Closed phamkhactu closed 10 months ago

phamkhactu commented 10 months ago

Check before submitting issues

Type of Issue

Model conversion and merging

Base Model

LLaMA-7B

Operating System

Linux

Describe your issue in detail

from your detail guide for merging Token. I deal with expanding my token llama2.

First of all, I have a fairseq model contains:

- bpe.codes
- dict.txt
- model.pt

I've searched on the internet, but I not found anythings to load sentencepiece model from pretrained fairseq

I am very happy if you can give me some code producer for merging token from fairseq pretrained weights.

Thank you very much!

Dependencies (must be provided for code-related issues)

No response

Execution logs or screenshots

No response

airaria commented 10 months ago

We worked with Hugging Face format models and tokenizers.

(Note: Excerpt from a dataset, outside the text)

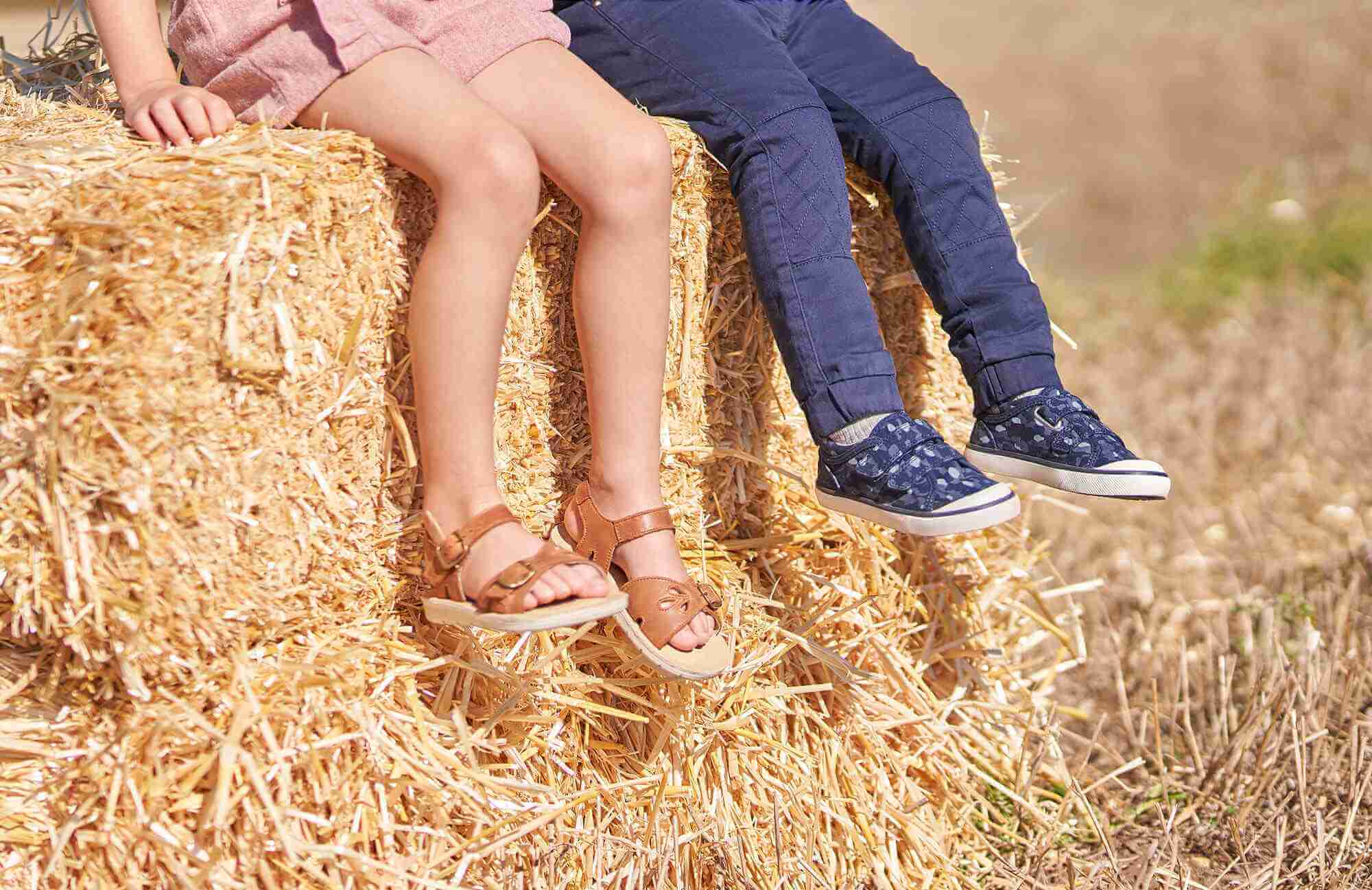 Girl and boy sitting on hay bale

If you have fairseq pretrained weights, you have to convert them to the hf format first, or you can find the Hugging Face format models and tokenizers here: https://huggingface.co/meta-llama/Llama-2-7b-hf

phamkhactu commented 10 months ago

Hi @airaria

yeah, thank for your sharing, I am so sorry for making you confuse.

I have llama2-hf model and fairseq bart model(another token to merge), as your example in line 17 to line 18, I know that I must convert to "fairseq" to "sentencepiece" to expand token.

Could you give me solution?